Endigar 933

From Courage to Change of Jun 24:

A farmer found a magical flute. Hoping to charm his hens into laying extra eggs, he played the flute to them all day, but at nightfall he had no more eggs than usual. Later, when asked if he’d had any success, the farmer replied, “I sure did. It wasn’t much of a day for egg-laying, but it was a great day for music!”

In Al-Anon, as in this fable, we learn that success and failure are a matter of perspective. Before coming to Al-Anon, many of us had known great disappointment because we couldn’t cure alcoholism in someone we loved. In time, we began to doubt our ability to take any effective action. We didn’t realize that we achieve many successes every day.

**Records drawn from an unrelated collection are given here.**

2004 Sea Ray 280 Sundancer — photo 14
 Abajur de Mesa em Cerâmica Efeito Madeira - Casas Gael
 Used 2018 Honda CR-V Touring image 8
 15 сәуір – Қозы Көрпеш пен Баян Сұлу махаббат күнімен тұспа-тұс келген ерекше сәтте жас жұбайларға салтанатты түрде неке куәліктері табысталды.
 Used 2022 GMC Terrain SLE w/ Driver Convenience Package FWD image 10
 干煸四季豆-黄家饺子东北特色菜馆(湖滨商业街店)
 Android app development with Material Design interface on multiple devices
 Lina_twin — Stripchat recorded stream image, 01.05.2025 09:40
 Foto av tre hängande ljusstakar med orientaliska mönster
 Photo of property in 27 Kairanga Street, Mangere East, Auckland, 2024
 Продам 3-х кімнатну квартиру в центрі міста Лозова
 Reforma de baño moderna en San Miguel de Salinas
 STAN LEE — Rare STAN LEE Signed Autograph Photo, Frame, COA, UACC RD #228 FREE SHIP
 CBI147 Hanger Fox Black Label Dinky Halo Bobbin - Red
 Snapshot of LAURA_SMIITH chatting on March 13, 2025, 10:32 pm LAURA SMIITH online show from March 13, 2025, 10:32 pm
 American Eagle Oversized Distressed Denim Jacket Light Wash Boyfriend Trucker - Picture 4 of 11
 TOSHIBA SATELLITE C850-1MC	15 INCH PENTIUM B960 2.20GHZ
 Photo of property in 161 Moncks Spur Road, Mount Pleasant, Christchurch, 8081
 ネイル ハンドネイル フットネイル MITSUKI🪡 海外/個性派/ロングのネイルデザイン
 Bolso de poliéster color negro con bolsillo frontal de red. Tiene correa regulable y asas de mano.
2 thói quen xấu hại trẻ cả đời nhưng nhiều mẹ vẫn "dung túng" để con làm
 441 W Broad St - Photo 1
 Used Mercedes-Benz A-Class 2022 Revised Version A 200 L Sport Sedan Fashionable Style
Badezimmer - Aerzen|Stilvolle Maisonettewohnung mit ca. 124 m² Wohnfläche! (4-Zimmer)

Our program helps us to recognize how much we have accomplished simply by being willing to walk through the doors of an Al-Anon meeting to ask for help. In spite of difficult circumstances, we now have the opportunity to change long-held behavior and beliefs. That is a great achievement.

Today’s Reminder

The finest gift I can give to ensure my continued recovery is willingness. Each demonstration of willingness, each meeting attended, each Al-Anon tool used, is a mark of my success.

“Every good thought you think is contributing its share of the ultimate result of your life”

~ Greenville Kleiser

END OF QUOTE—————————————

There’s something tender and freeing about the farmer’s flute—his shift from expectation to appreciation. He set out hoping for eggs and got music instead. That would have felt like failure to the old me: results-driven, desperate to fix, tangled in the illusion that I could force growth, healing, or peace in someone else.

But recovery has taught me a new kind of listening. I hear the music now, even when the eggs don’t come. I show up to meetings not because I know what I’ll get, but because I’m willing to be surprised by grace. That willingness—that simple openness—is a seed of real change. And sometimes, it takes the shape of laughter, insight, rest, or just the quiet comfort of not being alone.

Walking through the door the first time wasn’t small. It was sacred. It was me choosing to respond to pain rather than collapse into it. That choice is a success. Every tool I pick up, every new behavior I try, even every failure I sit with instead of run from—these are my contributions to the life I’m building.